# TASK OBJECTIVE
All the data below goes into the copy word for word, but the pictures don't.

# DATA PROVIDED
·····
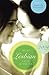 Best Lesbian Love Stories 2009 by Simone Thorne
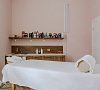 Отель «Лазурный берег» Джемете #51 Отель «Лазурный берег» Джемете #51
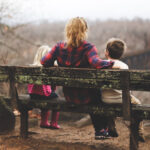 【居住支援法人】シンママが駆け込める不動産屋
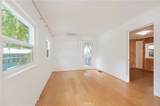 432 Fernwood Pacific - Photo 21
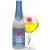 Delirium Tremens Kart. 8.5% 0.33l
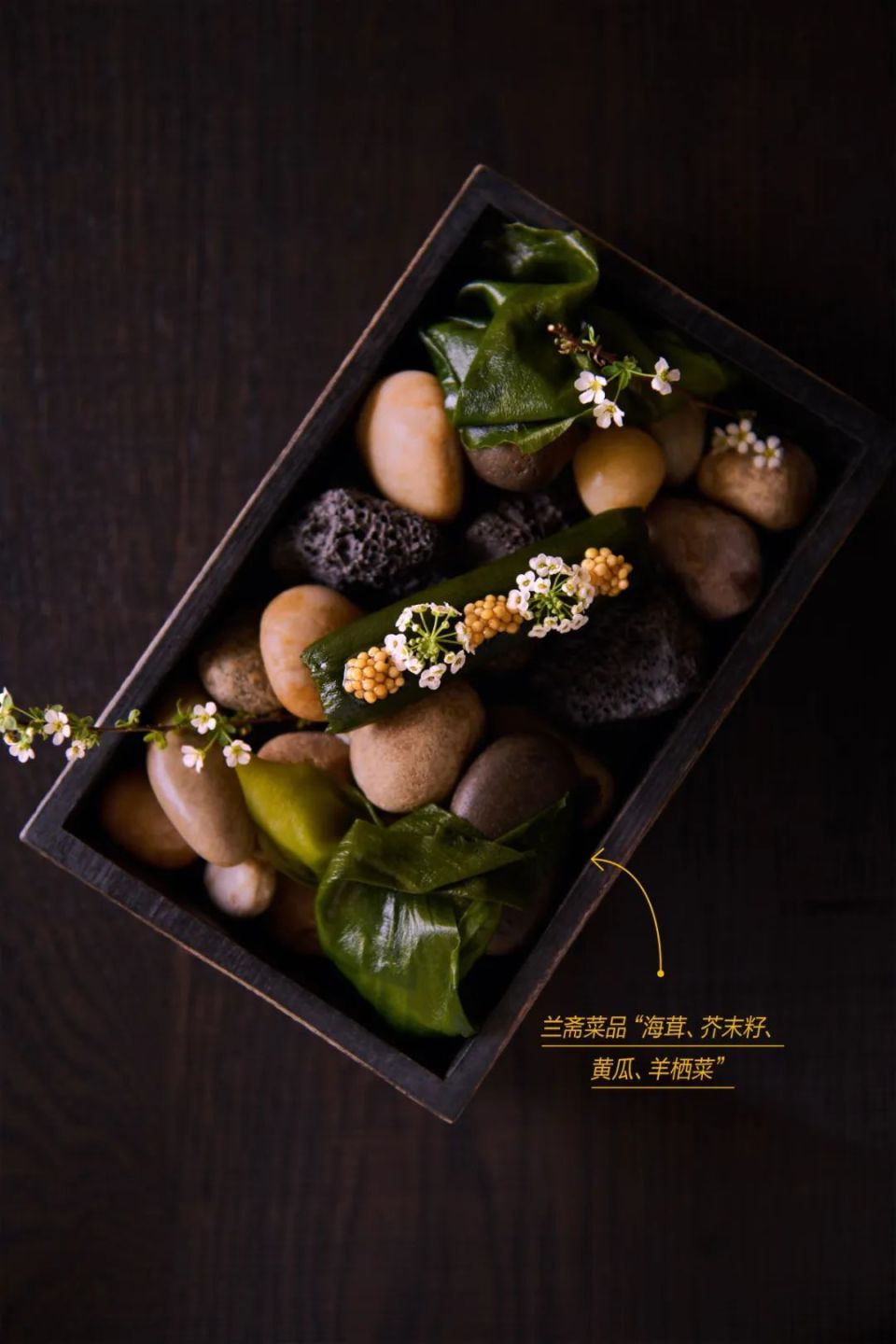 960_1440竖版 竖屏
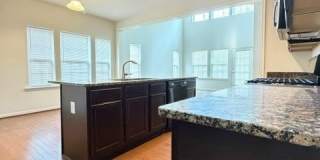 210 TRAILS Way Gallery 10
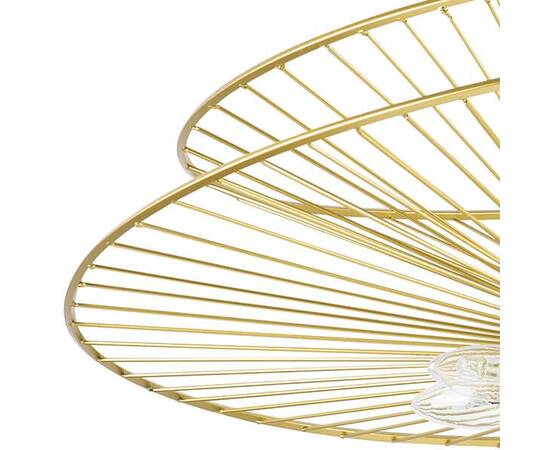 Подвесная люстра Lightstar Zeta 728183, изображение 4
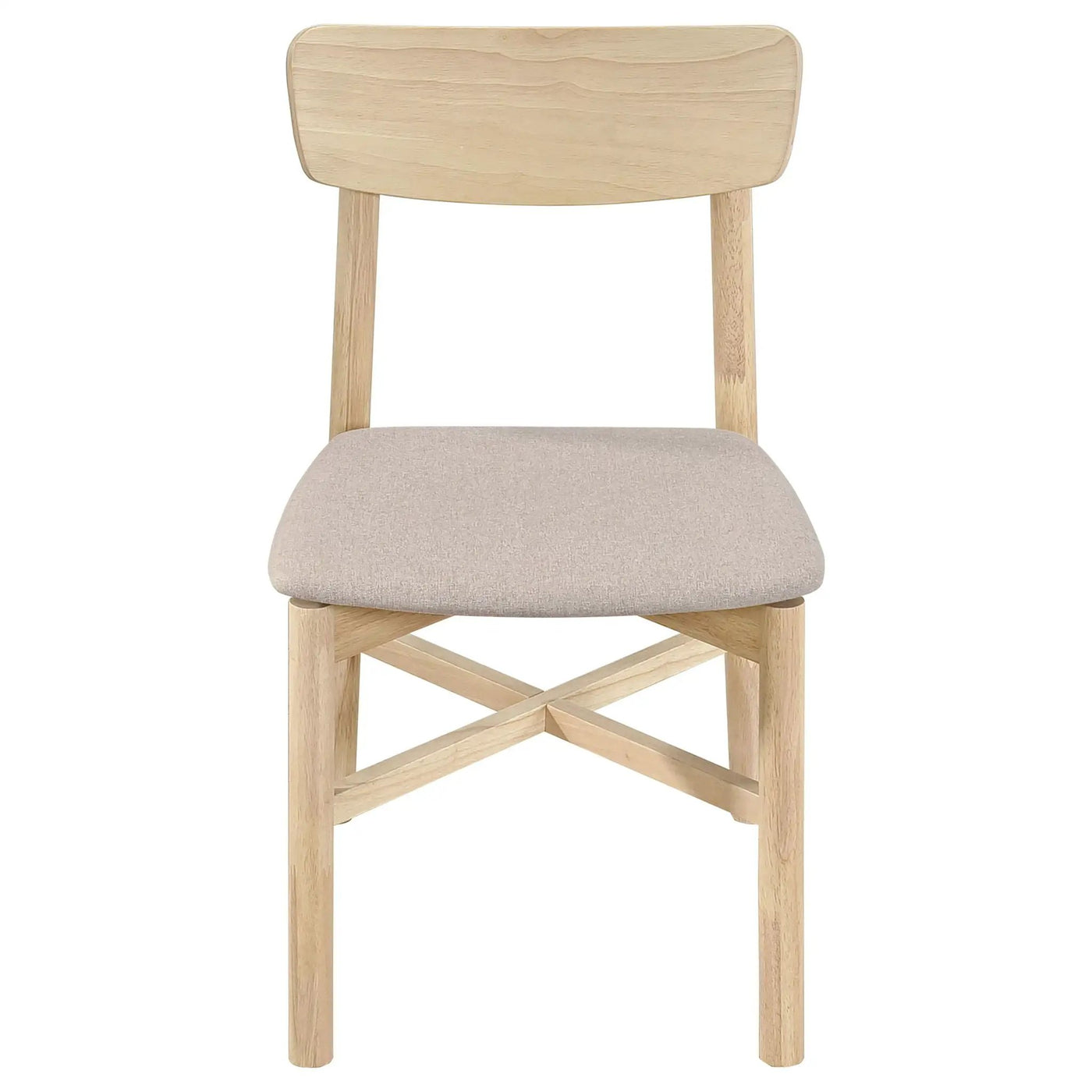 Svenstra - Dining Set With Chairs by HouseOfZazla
·····
# WORKED SOLUTION
 Best Lesbian Love Stories 2009 by Simone Thorne
 Отель «Лазурный берег» Джемете #51 Отель «Лазурный берег» Джемете #51
 【居住支援法人】シンママが駆け込める不動産屋
 432 Fernwood Pacific - Photo 21
 Delirium Tremens Kart. 8.5% 0.33l
 960_1440竖版 竖屏
 210 TRAILS Way Gallery 10
 Подвесная люстра Lightstar Zeta 728183, изображение 4
 Svenstra - Dining Set With Chairs by HouseOfZazla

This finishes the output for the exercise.